In meiner Freizeit las ich viel. In den ewig langen Nachtsymphonien des arktischen Wüstenwindes vertiefte ich mich in die Sprachlandschaften der klassischen italienischen Poesie: ich ließ mir die Kanzonen und Sonettsammlungen des Petrarca zuschicken und war in Erwartung, die Briefe, den sagenumwobenen Mont Vintoux Text einschliesslich, in Bälde zu bekommen. Ausserdem las ich unentwegt in den feurigen Konstruktionen der Dantischen Terzinen und versuchte, wenn ich Muße hatte, einige Passagen ins Deutsche zu übertragen. Diese schlottrigen Dantehefte legte ich sorgfältig zu den wissenschaftlichen Berichten über die Ergebnissee der Höhenmessung und den Notizen meines dichtenden Taucherfreundes.

Ich will aber auch erwähnen, dass wir Zugang zum Fernsehen hatten und die nächstbesten Sender ohne Probleme empfangen konnten, nur bin ich wohlgemerkt kein großer Freund dieser Unterhaltungsindustrie.

Außerhalb der Übersetzungen des alten Italieners entstanden kleine Gedichte, Textfragmentchen, die ich nie vorlas, oder sonst wie der Öffentlichkeit zugänglich machte. Überhaupt war diese Öffentlichkeit an unserer Station an den Glanzstücken europäischer Literatur wenig interessiert; im Gegenteil- ich war der einzige Mensch im Wohnblock, der für die physikalisch- geologischen Fragestellungen recht wenig übrig hatte.

Ein kartografischer Assistent wurde ich aus einem zufälligen Ereignis heraus: Meine Nichte, ein deutsches Vollweib, hatte mich nach Köln eingeladen, damit ich endlich etwas vernünftiges aus meinem -  bis dato eher als verschleudert zu bezeichnendem – Dasein basteln solle. Ich stieß auf eine Gruppe enthusiastischer Geologiestudenten und ließ mich über  die neusten Forschungsergebnisse aus der Antarktis unterrichten. Bis zu diesem Zeitpunkt habe ich meine Zeit mit einem Studium der Nautik und Physik ausgefüllt, bin mir aber seit langem sicher gewesen, nicht unter diesen faden Segeln in den Ozean des Lebens stechen zu wollen. Meine Bindung zur Wissenschaftlichkeit und den Lehrtugenden würde ich heute als lax bezeichnen.

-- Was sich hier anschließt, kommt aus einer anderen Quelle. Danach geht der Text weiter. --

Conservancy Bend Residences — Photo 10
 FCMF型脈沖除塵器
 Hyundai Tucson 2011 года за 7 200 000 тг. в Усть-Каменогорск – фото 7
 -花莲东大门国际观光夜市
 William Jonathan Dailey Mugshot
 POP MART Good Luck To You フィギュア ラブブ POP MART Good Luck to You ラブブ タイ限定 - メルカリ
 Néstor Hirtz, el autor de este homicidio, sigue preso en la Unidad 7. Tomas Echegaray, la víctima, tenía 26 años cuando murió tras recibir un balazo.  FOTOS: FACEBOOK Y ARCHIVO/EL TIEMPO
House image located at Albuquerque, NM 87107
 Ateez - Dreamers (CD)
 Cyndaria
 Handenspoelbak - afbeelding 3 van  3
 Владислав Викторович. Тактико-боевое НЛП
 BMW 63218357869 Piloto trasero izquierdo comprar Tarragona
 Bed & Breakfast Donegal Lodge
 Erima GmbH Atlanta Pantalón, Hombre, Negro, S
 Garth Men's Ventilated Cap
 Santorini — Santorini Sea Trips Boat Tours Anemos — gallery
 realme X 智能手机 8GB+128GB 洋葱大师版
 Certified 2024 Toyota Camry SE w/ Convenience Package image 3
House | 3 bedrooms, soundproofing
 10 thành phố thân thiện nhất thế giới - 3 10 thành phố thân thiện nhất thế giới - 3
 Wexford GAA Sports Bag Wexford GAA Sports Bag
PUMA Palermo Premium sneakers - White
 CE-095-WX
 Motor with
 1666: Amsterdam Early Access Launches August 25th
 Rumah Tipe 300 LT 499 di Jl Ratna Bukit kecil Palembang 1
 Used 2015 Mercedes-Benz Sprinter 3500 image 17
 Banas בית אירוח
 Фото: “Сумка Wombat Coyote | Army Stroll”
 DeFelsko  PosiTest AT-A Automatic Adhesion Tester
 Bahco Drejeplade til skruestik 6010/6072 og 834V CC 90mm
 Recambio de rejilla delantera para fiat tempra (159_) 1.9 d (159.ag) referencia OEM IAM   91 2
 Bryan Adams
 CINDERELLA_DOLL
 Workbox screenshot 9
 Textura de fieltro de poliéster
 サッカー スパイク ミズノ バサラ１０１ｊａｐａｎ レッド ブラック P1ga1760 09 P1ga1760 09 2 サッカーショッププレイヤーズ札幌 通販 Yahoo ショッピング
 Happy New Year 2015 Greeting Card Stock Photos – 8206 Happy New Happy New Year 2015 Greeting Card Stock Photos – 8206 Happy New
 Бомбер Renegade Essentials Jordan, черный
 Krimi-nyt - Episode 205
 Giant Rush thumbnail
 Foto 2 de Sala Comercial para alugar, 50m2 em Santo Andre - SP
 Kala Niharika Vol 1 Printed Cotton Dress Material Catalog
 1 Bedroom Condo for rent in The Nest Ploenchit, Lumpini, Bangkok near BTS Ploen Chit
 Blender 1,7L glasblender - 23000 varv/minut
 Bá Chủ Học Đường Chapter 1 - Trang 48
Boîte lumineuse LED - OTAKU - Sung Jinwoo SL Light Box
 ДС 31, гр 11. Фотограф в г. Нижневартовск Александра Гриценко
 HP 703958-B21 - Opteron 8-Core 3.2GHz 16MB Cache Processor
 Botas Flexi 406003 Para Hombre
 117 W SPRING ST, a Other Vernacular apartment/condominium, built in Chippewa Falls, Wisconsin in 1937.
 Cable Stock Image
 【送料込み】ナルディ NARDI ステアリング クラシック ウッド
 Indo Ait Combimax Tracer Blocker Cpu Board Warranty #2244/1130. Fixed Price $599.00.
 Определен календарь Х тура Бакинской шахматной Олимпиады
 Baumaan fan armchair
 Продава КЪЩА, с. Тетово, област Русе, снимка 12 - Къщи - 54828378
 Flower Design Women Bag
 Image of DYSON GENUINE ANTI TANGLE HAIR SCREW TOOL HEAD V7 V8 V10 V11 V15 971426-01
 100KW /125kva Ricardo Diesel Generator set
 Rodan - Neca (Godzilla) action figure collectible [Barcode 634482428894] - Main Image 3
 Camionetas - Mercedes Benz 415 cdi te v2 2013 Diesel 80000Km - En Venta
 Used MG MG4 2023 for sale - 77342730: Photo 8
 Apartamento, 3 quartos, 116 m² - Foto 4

Ja, wie andersartig ist es mit der Poesie... Studienzeit war für mich die Zeit des beflügelten Wortes: Mir schlug das Herz schneller beim Lesen eines Valery oder beim morgendlichen Rezitieren der Duineser Elegien. Ich lass ständig französische Autoren, vergötterte Appollinaire und die Surrealisten, spürte aber auch Kraftvolles und Bahnbrechendes aus den Versen der deutschen Expressionisten herausblicken zu können. Selbst die fremdartigen Stimmen unserer neuen Lyrik, einer Lyrik, die Auschwitz überstehen musste, begeisterten mich.

Ich war also ein technischer Student; ein Mann der Tat, eigentlich auch ein Gratwanderer zwischen Kneipenmusik und Katheder, las unerlaubt Ehrenstein und Gorki in illegalen Übersetzungen und kopierte klammheimlich die automatischen Gestaltungswege der französischen Surrealisten.

Meine Eltern, beide pensionierte Mathematiklehrer, starben noch kurz vor dem Krieg in Dänemark- ihnen blieben die Wirren des Krieges erspart. Ich hatte immer kein Geld und diese Studentengruppe nahm mich wohlwollend als Mitglied in ihre Reihen auf. Bemerkenswert und faszinierend schien mir die Tatsache, dass sich die Neuzugänge – darunter drei Männer und eine Frau – einer ritualisierten Selbstwaschung unterziehen sollten. Dieses, höchst eigenartige Erlebnis, sollte die inneren Kräfte des Menschen an die Oberfläche bringen und die Seele von innen heraus reinigen.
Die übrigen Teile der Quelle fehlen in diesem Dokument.